Ils sont rares, les films qui ont véritablement changé le visage du cinéma. Les films qui historiquement sont devenus des étapes, des jalons, des bornes repères. Des films dont on dit il y un avant lui et un après. On peut les tenir dans un mouchoir de poche, les Jazz Singer, les Citizen Kane, les Cuirassée Potemkine, les Stagecoach, les Touch of Evil, les Persona, les Star Wars, les Bonnie and Clyde. Ce n’est ni la première, ni la dernière fois que ce dernier film est d’ailleurs réédité en dvd. Il y en aura eu des plus belles, des plus riches, des plus complexes, c’est certain. Mais celle-ci (le film, rien que le film et tout le film, chez Warner), toute pauvre qu’elle est a le double avantage de ne coûter qu’un ridicule pécule (11,99, c’est presque un cadeau) et de nous permettre d’évoquer ce morceau inoubliable de l’histoire du cinéma, dans l’histoire de la violence.

Tout commence par des photos sépias, héritage nostalgique d’un passé tout en style, présentation hors normes de ceux qui vont nous faire palpiter pendant près de deux heures.
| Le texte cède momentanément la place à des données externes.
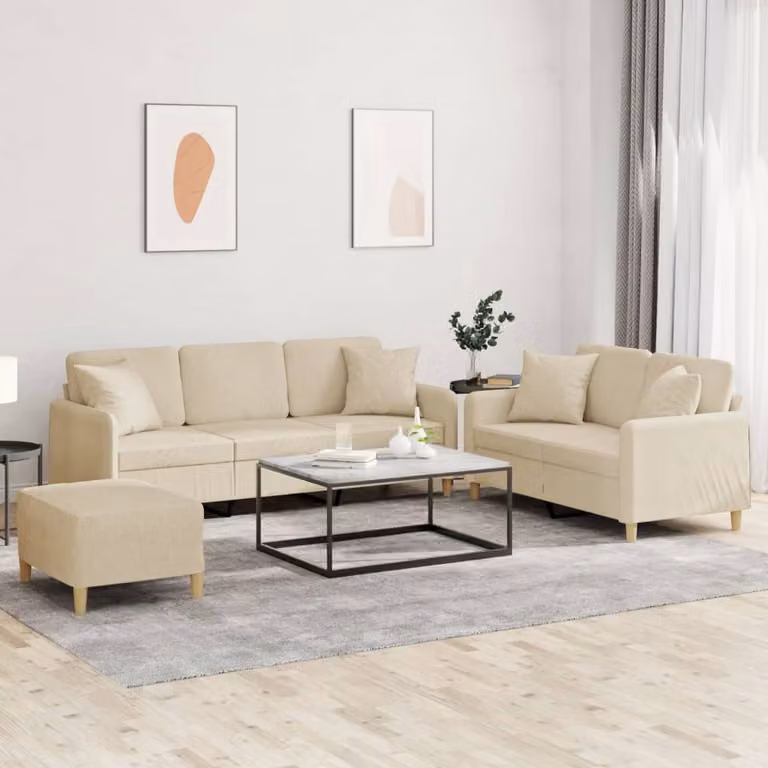 Maison Exclusive - Set divano a 3 pezzi con cuscini in tessuto color crema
On y voit Bonnie Parker (inoubliable Faye Dunawaye), son béret de guingois, sa silhouette emprisonnée dans une robe ajustée, depuis devenue immortelle. On y voit Clyde Barrow (grandiose Warren Beatty), la moue rieuse, le costume de gangster, la séduction incarnée. Tellement beaux, les deux criminels, qu’on en a fait des chansons. Des mythes. Vive le Nouvel Hollywood.
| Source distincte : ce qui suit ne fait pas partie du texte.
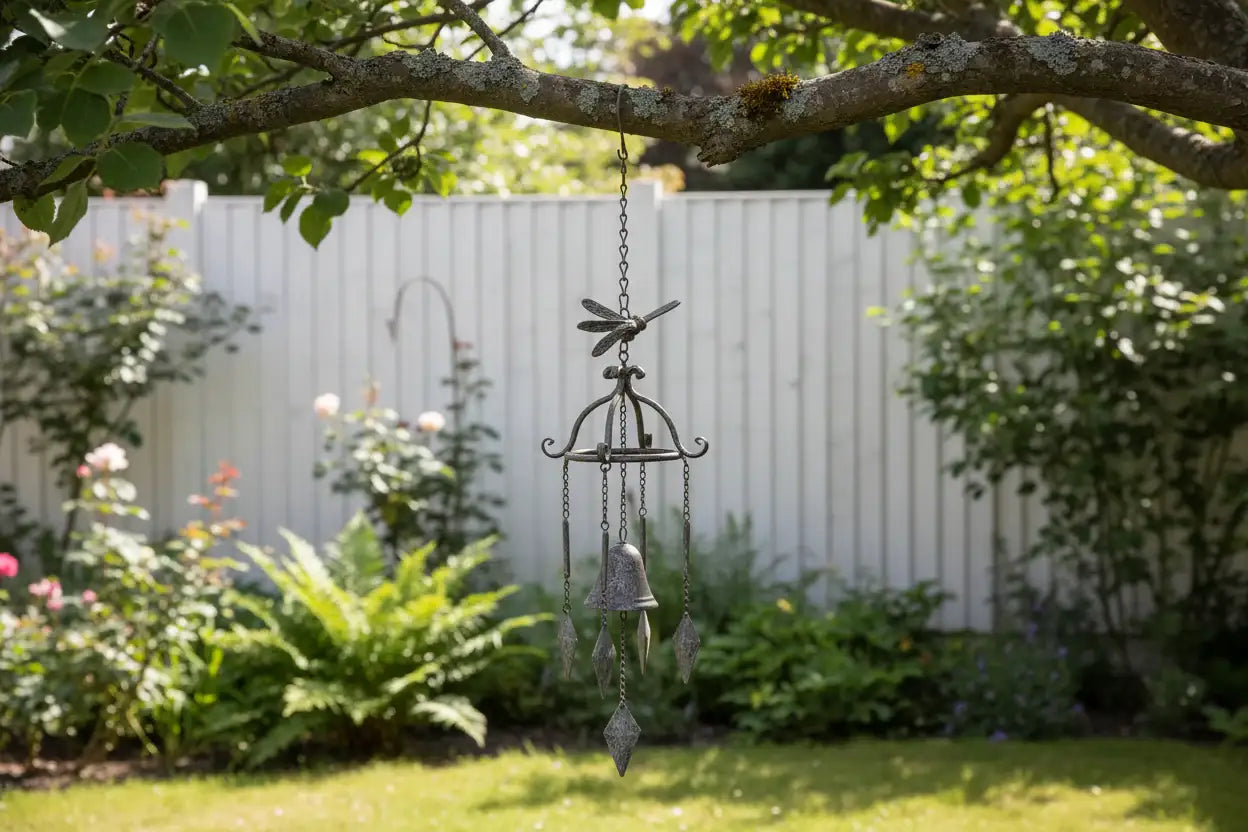 Decorative wind chime hanging from a tree branch in a garden setting.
Et puis, on se laisse entraîner tout le long d’une cavalcade meurtrière entre amants dans les années 30, aussi insouciante que furieuse, aussi rieuse que cruelle, avant que tout ne finisse par une tache écarlate s’agrandissant sur la robe blanche de Bonnie. « They’re young. They’re in love. They rob banks« , disait l’exergue…. Mélanger la joie, l’humour, l’énergie et le dynamisme formel au sang, aux armes? Ne jamais avoir peur de la métaphore sexuelle? La leçon choque, mais elle rapporte (10 nominations aux oscars en 67, dont 2 gagnés pour Estelle Parsons en meilleur second rôle et pour Burnett Guffey et son affolante direction photo, bouleversant les codes. Pas de meilleur film, les bonnes consciences ayant eu besoin de se rassurer avec le tiède In the Heat of the Night à la place). Cette leçon, les Coen, Tarantino et d’autres la retiendront par coeur d’ailleurs.
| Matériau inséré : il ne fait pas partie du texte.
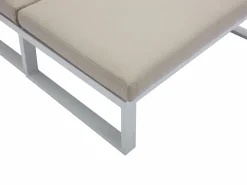 MYLIA Salón de jardín modular de aluminio - Blanco con cojines beige - NOLLAY de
La rumeur raconte qu’à ses balbutiements, le projet était passé entre les mains de Truffaut, puis de Godard avant d’atterrir entre celles d’Arthur Penn et de Warren Beatty, producteur. Penn avait avant cela tâté de la télévision et du grand film, aussi avec The Left Handed Gun ou Mickey Gun. Mais avec Bonnie and Clyde, tout change. Le réalisateur trouve son sujet, ses acteurs. Le succès est total, au point que des années plus tard, ce film tient toujours, dans l’éveil du cinéphile, à peu près le même rôle que le poster du Che ou la lecture de l’Écume des jours dans celui de l’adolescent : une sorte de rite iniatique en forme de découverte du romantisme, d’un souffle révolutionnaire, d’un idéal tout neuf dont on se souvient à jamais.